→ PROVIDED MATERIAL

== == ==

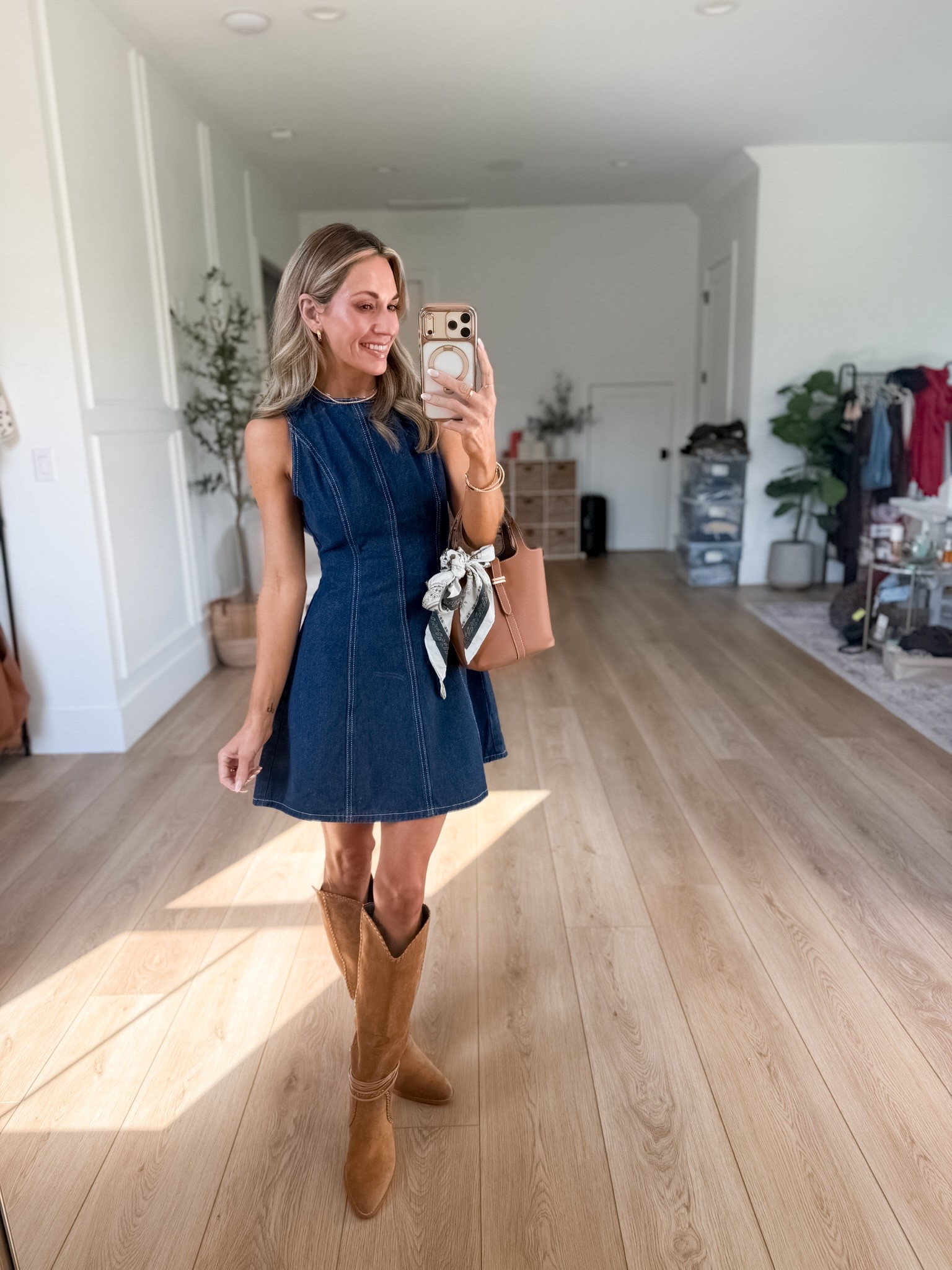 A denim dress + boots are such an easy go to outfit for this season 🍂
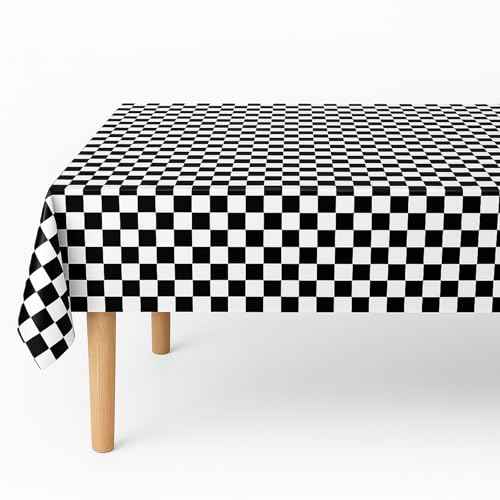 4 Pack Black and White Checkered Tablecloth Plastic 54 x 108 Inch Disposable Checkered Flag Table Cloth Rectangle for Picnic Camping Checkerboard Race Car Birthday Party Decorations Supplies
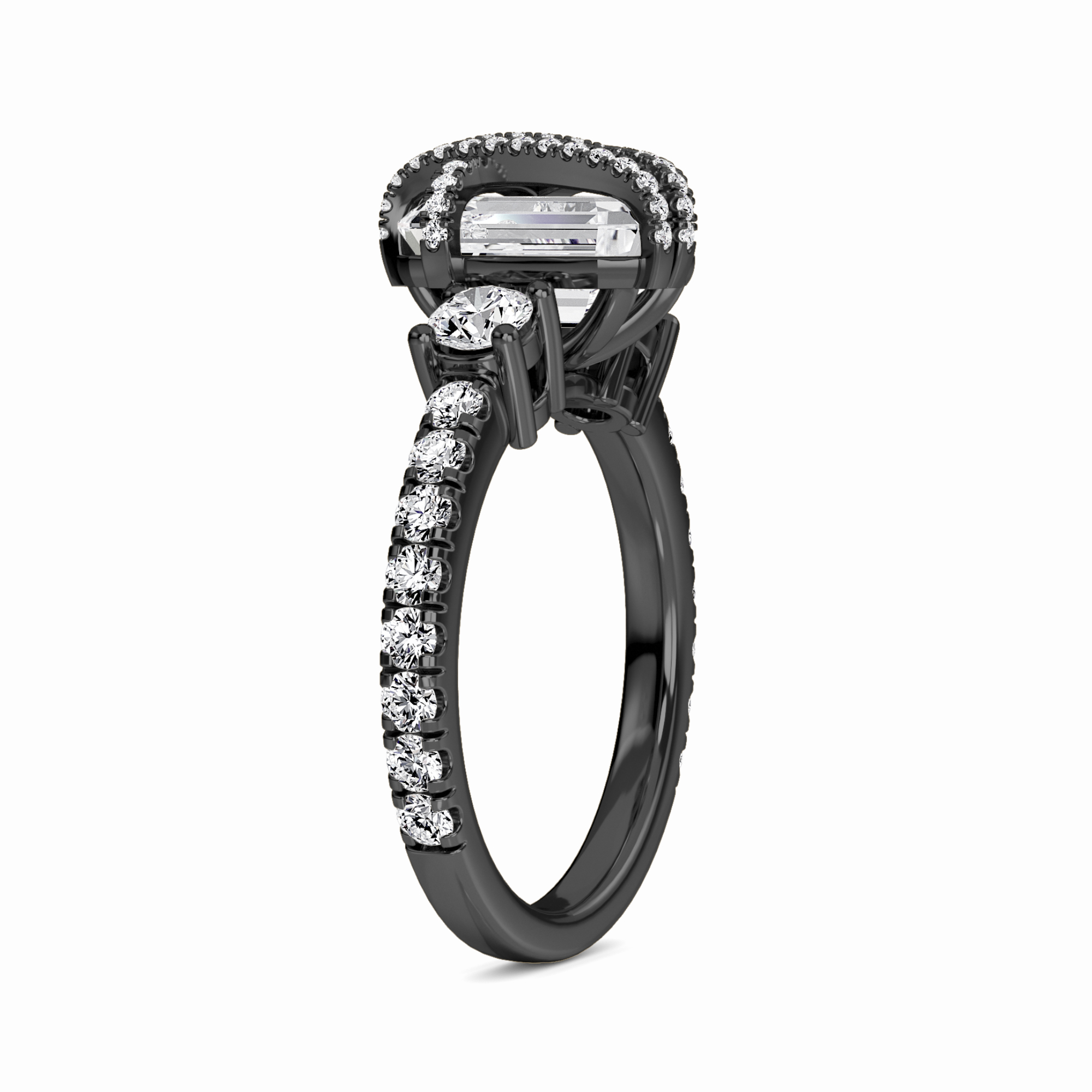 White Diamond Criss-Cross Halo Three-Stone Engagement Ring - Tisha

== == ==

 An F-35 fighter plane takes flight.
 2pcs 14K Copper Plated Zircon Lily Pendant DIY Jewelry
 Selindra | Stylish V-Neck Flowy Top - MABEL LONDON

== == ==

→ TASK OBJECTIVE
From the data above, output only the lines between the line containing "2pcs 14K Copper" and the line containing "Selindra | Stylish", inclusive, exactly as written.

→ SOLUTION FOR THIS EXERCISE
 2pcs 14K Copper Plated Zircon Lily Pendant DIY Jewelry
 Selindra | Stylish V-Neck Flowy Top - MABEL LONDON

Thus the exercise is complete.